Requirement: Reduce the material below to its lines containing "Used".

Provided data:
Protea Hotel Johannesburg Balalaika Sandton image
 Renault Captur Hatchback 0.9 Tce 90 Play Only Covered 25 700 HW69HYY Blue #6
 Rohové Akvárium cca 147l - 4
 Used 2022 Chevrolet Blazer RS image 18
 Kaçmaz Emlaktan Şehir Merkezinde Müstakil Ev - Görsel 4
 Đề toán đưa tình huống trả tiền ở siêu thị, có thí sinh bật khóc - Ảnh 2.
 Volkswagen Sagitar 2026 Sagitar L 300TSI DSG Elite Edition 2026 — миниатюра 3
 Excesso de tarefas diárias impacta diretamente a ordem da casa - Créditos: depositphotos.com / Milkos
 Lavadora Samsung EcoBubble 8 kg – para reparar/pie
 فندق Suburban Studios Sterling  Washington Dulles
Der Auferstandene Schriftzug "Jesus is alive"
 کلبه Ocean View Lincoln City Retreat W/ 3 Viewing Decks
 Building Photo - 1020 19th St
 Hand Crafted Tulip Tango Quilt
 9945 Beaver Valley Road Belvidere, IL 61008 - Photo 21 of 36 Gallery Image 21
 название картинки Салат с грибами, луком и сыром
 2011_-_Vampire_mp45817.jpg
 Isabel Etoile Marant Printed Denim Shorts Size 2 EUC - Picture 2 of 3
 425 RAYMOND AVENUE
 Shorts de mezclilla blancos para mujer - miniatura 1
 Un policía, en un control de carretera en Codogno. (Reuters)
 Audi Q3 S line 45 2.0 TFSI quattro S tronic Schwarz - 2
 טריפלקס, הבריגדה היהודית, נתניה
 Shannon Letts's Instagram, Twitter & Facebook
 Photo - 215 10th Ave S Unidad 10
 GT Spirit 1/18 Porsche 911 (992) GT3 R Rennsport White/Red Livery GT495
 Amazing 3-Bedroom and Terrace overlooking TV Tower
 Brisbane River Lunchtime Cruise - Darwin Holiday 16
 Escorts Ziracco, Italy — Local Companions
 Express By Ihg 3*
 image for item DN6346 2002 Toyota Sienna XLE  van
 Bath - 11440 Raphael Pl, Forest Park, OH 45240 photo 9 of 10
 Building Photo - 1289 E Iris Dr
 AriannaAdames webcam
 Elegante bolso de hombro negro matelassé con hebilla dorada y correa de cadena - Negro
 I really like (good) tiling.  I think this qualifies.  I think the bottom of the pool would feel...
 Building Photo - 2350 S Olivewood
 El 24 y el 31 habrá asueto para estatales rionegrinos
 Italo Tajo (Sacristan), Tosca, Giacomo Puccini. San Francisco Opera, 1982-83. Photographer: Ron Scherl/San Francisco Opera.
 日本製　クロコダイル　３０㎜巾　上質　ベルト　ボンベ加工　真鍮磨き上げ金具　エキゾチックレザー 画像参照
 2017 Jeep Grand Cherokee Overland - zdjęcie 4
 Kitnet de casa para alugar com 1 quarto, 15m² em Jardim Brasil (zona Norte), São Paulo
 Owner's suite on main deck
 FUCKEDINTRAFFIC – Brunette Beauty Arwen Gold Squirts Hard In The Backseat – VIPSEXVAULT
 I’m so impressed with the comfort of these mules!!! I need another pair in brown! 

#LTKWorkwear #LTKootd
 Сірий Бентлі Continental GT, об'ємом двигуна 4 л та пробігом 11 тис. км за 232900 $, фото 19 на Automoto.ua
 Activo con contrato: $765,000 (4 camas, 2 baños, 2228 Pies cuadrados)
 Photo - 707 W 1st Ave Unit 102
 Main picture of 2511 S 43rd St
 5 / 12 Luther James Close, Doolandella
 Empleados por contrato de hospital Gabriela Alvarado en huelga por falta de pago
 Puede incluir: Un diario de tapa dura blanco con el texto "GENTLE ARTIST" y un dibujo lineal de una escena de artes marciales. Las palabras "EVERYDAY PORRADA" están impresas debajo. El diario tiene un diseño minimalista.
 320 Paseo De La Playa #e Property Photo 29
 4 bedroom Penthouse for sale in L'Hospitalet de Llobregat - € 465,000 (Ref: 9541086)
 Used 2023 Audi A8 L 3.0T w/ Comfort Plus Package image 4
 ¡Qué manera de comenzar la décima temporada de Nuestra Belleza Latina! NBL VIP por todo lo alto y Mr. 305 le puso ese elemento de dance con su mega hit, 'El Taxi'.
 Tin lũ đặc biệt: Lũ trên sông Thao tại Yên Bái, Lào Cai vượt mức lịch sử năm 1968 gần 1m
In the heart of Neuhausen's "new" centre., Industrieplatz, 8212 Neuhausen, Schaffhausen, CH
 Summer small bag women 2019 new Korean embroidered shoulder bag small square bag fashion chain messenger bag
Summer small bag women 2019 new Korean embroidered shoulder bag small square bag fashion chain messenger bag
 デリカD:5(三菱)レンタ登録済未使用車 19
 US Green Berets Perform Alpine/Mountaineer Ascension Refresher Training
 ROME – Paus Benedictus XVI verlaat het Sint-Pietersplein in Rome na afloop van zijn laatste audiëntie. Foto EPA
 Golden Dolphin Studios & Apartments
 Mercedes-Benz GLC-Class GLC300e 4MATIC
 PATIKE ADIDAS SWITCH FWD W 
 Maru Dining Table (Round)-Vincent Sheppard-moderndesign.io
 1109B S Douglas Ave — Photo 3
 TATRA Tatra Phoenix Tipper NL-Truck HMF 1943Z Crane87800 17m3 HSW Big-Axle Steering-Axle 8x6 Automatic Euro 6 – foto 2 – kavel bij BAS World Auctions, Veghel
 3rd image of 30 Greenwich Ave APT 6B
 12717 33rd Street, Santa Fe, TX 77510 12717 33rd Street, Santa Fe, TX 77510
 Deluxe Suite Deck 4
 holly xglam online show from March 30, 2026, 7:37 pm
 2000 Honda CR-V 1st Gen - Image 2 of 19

Response to this task:
 Used 2022 Chevrolet Blazer RS image 18
 Used 2023 Audi A8 L 3.0T w/ Comfort Plus Package image 4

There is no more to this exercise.